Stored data
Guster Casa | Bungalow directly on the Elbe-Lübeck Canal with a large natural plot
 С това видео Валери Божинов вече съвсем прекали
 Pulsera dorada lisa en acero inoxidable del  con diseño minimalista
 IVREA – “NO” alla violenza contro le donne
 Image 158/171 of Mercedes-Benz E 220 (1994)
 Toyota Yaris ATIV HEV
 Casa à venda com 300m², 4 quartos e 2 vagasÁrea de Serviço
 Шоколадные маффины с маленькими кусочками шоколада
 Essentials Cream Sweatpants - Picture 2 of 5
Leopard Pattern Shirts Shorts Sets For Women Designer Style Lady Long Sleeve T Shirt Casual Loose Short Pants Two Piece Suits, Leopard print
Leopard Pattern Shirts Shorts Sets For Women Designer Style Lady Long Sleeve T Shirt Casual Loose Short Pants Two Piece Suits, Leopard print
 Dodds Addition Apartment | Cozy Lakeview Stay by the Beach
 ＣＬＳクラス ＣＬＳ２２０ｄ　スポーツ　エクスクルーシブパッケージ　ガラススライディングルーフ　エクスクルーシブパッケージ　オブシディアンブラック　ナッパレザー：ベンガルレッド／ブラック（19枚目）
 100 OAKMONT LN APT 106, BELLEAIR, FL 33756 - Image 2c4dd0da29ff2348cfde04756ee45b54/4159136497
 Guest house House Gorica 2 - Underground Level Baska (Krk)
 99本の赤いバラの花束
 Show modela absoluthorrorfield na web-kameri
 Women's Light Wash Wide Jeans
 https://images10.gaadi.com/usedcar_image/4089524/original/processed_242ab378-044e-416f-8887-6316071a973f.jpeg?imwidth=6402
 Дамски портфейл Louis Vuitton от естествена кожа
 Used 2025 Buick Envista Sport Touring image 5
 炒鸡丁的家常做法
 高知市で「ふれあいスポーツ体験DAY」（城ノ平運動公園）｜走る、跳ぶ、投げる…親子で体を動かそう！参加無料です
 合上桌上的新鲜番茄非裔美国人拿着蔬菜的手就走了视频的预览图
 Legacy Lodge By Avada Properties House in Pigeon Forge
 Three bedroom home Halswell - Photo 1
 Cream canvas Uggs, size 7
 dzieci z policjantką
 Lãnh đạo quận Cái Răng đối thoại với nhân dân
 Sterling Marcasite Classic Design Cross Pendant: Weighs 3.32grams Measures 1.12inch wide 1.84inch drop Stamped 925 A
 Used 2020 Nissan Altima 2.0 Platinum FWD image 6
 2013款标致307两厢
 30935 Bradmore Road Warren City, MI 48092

ABOUT THIS TASK:
Once the line with "Legacy Lodge By" is found, write out that line and every one after it through the last line of the records, exactly and with nothing else.

EXERCISE RESULT:
 Legacy Lodge By Avada Properties House in Pigeon Forge
 Three bedroom home Halswell - Photo 1
 Cream canvas Uggs, size 7
 dzieci z policjantką
 Lãnh đạo quận Cái Răng đối thoại với nhân dân
 Sterling Marcasite Classic Design Cross Pendant: Weighs 3.32grams Measures 1.12inch wide 1.84inch drop Stamped 925 A
 Used 2020 Nissan Altima 2.0 Platinum FWD image 6
 2013款标致307两厢
 30935 Bradmore Road Warren City, MI 48092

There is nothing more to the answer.